Defendant argues in the alternative that section 5--8--4(c)(2) is ambiguous. Defendant suggests that the language in section 5--8-- 4(c)(2) referring to "the maximum terms authorized" could refer either to the general sentencing ranges for the relevant class of felony or could refer to the sentencing range applicable to the defendant based on the specific facts of the case. Because any ambiguity in a criminal statute is to be construed in favor of the criminal defendant (People v. Daniels, 172 Ill. 2d 154, 163, 665 N.E.2d 1221, 1225 (1996)), defendant contends that we must read the language as only permitting a 60-year aggregate term in this case.

A similar argument was rejected by the appellate court in People v. Woods, 131 Ill. App. 3d 51, 475 N.E.2d 589 (1st Dist. 1985). Defendant argues that we should reach a contrary result as (1) Woods is not binding authority in the third district; (2) Woods was decided 15 years ago; and (3) Woods is the only published case in Illinois to have considered this issue. We believe, however, that the first district correctly construed section 5--8--4(c)(2). The plain language of section 5--8--4(c)(2) refers to the "maximum terms authorized" by section 5--8--2, not to the maximum terms for which a particular defendant is eligible. (Emphasis added.) See 730 ILCS 5/5--8--4(c)(2) (West 1996).
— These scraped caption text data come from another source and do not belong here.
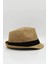 Kadın Hasır Fedora Şapka - Camel 1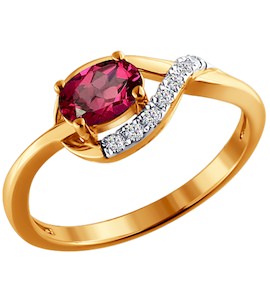 Кольцо из золота с бриллиантами и рубином 4010216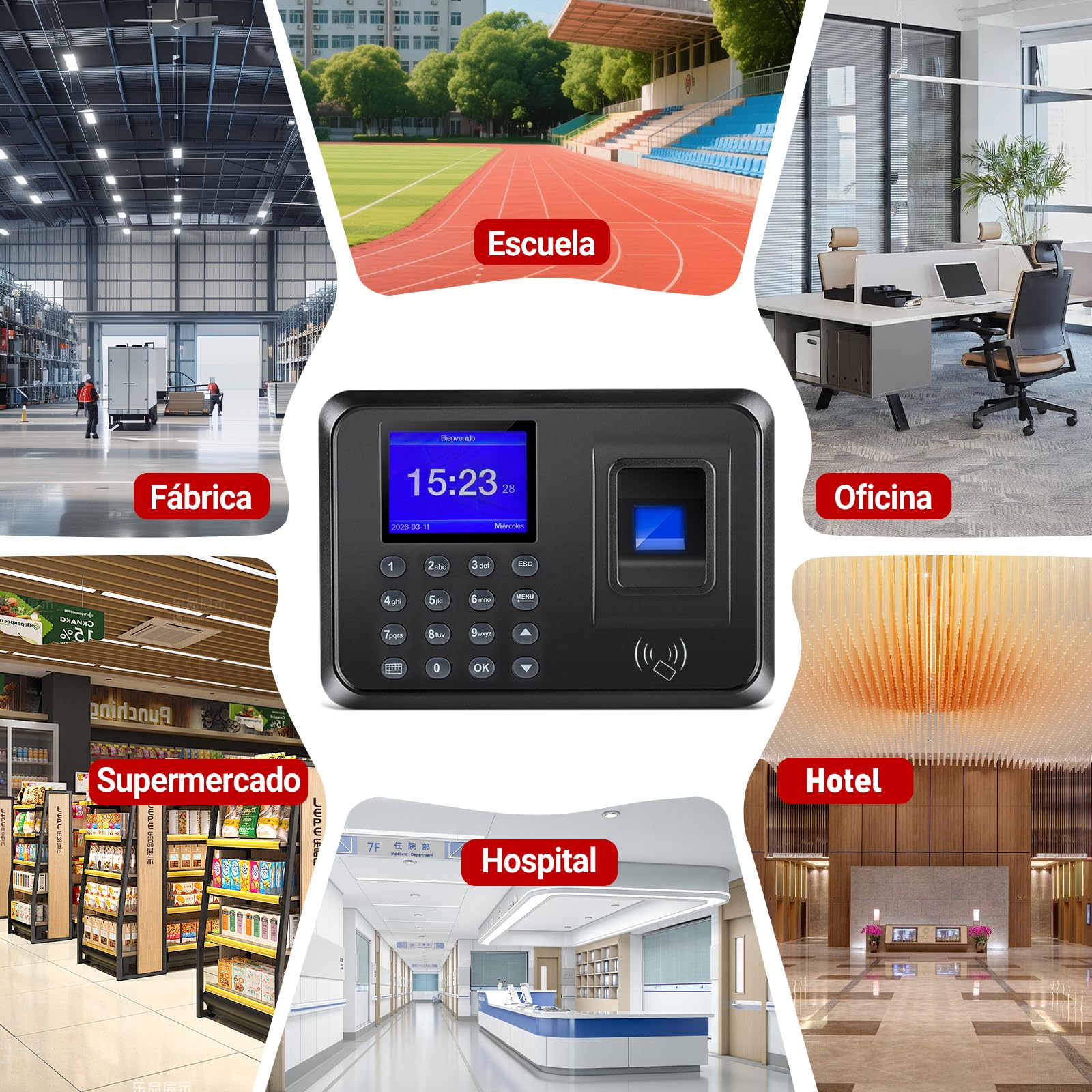 Reloj de Fichar Biométrico 3 en 1 – Control Horario con Huella Dactilar, Tarjeta RFID y Código PIN – Máquina de Asistencia para Pequeñas Empresas, Sin Internet, 10 Tarjetas Incluidas, Español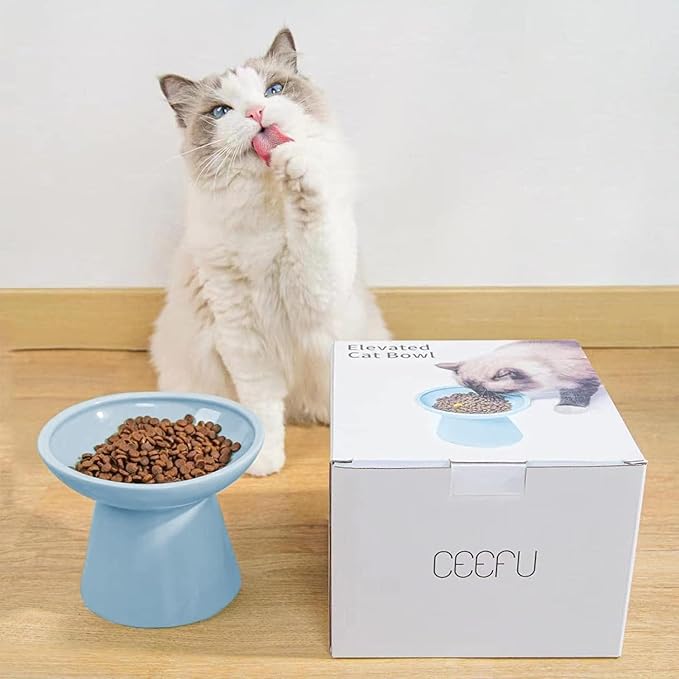 CEEFU Extra Wide Elevated Ceramic Cat Bowl, 6.2" Shallow Dish for Whisker Fatigue Relief, 5" Height for Easy Feeding, Durable Raised Cat Food Bowls, Pack of 2, Blue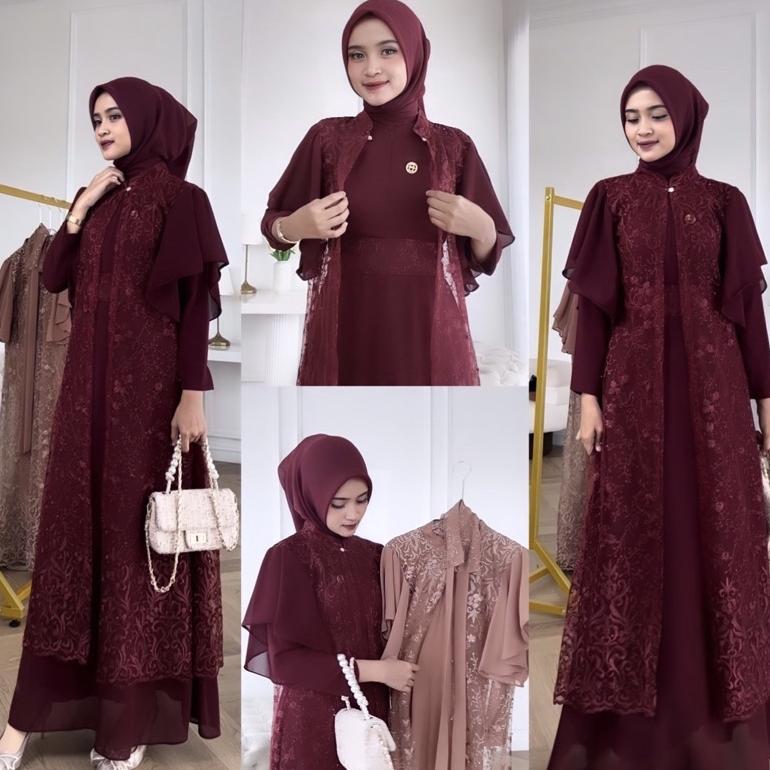 Georgina Dress Lebaran Kondangan Inner Belt Outer L XL XXL Premium Jumbo Mewah Gamis Muslim Produk T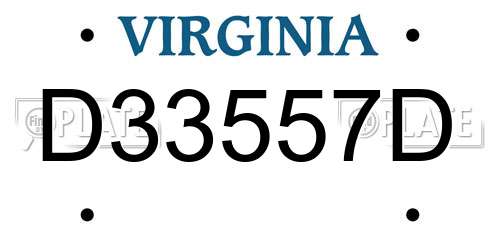 D33557D Virginia License Plate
Furthermore, our supreme court, albeit in dicta, has interpreted section 5--8--4(c)(2) consistently with the first district's construction in Woods. In People v. Tucker, 167 Ill. 2d 431, 437, 657 N.E.2d 1009, 1012 (1995), our supreme court stated:

"We note that section 5--8--4(c)(2) refers to the aggregate of the maximum extended terms authorized for the two most serious felonies involved. [Citation.] For example, where a defendant is convicted of a Class X felony, the maximum extended-term is 60 years. [Citation] Thus, a defendant convicted of a number of Class X felonies may be sentenced to consecutive terms of imprisonment not to exceed a total of 120 years." (Emphasis in original.)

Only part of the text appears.